Seventeen Days was an exercise in repetition, and it was viewed as a significant step back from the band’s excellent one-two punch of opening releases –
The Better Life and
Away From The Sun. Then came their self-titled fourth LP. Not only was it every bit as structurally and creatively challenged as its predecessor, but it also failed to keep listeners interested on just about any front. The lyrics were incredibly tacky, the instrumental backing induced yawn after yawn, and as a whole it just seemed that nobody in the band felt that the material was worth putting any effort into. With hopes that 3 Doors Down had learned the error of their ways, we now observe their latest release over three years later. But before you waste your time – or even worse, your money – let me be the first to tell you that 3 Doors Down has quite simply thrown in the towel.

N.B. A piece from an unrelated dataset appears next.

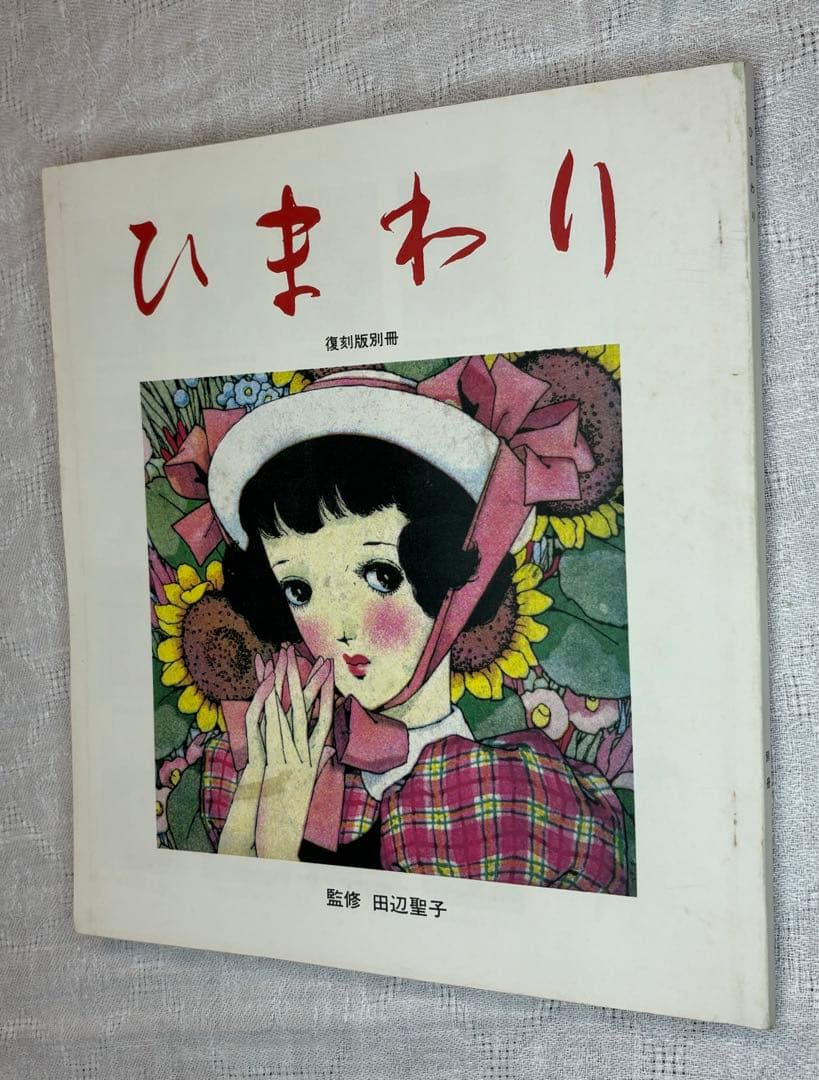 値下げ中【初版:未使用品】 復刻版ひまわり 代表作8冊+別冊 セット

The first sign that things have gone incredibly awry comes a mere minute and a half into the opening/title track. The vocals in the chorus are way overdubbed, to the point where upon first listen, I almost thought it was autotune. The rest of the song feels like a race to get back to the chorus, which is a shame because the guitar riffs are actually pretty decent. For as mediocre as ‘Time of My Life’ sounds, it is still the highlight on an album that otherwise encapsulates everything wrong with the post-2005 3 Doors Down. Much like they did in their mind-numbingly lethargic self-titled album, the band automatically feeds their desire to jump into a power ballad after any song that exerts a little energy. That is why ‘Time of My Life’ is followed by ‘When You’re Young’, a track that – for a lack of better words – sounds like
any other slow song that this band has ever made. And guess what? It is the first single to be released from the new album, too! Surely, the lighters will come out at concerts near and afar when thirty-two year old singer Brad Arnold opens the song with little drops of tween poetry, “So far away from knowing where I am going, I am trying hard to find out who I am.” That’s some moving stuff. It’s just a shame that the majority of the fan base that follows 3 Doors Down isn’t thirteen anymore. ‘Heaven’, ‘Back to Me’, ‘Everytime You Go’, ‘What’s Left’, and ‘The Silence Remains’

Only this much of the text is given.